## How to complete this task:
Every picture should be left out, but the lines below must be repeated exactly.

##### Recorded data #####

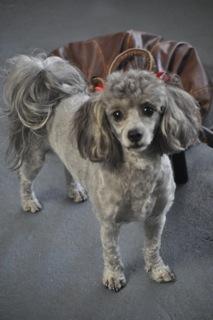 Plush Pet Stylist - Gold Coast Vets 1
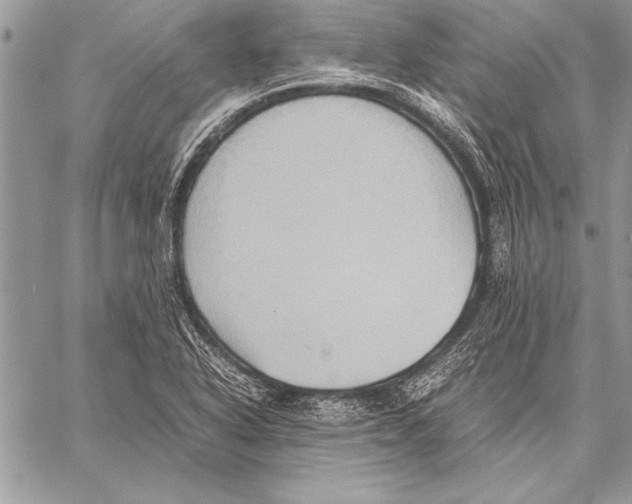 X0000057581318200510171658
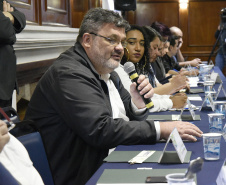 Paraná disputa vagas no Conselho Nacional de Política Cultural.Foto: Kraw Penas/SEEC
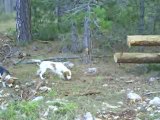 Chasse avec des beagles du ron de l'apio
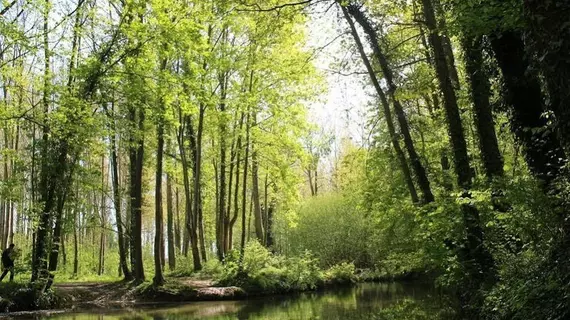 Le Val D'omignon | Hauts-de-France - Aisne (bölge) - Trefcon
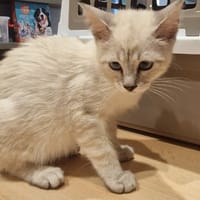 BOUNTY (en cours d'adoption), chatte à adopter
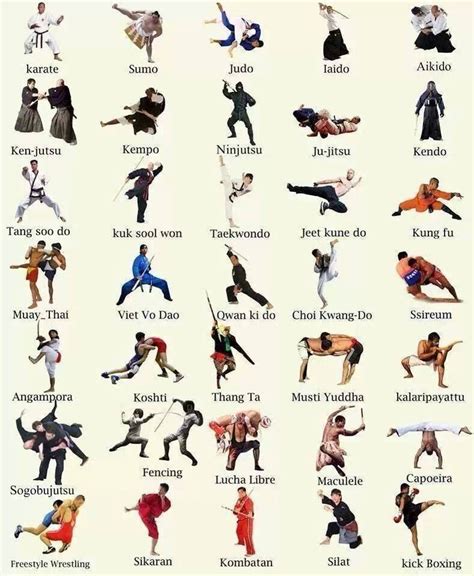 What Type of Martial Arts Are There: Exploring the Spectrum of Combat Styles and Their Philosophical Underpinnings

#####

## Your response:
 Plush Pet Stylist - Gold Coast Vets 1
 X0000057581318200510171658
 Paraná disputa vagas no Conselho Nacional de Política Cultural.Foto: Kraw Penas/SEEC
 Chasse avec des beagles du ron de l'apio
 Le Val D'omignon | Hauts-de-France - Aisne (bölge) - Trefcon
 BOUNTY (en cours d'adoption), chatte à adopter
 What Type of Martial Arts Are There: Exploring the Spectrum of Combat Styles and Their Philosophical Underpinnings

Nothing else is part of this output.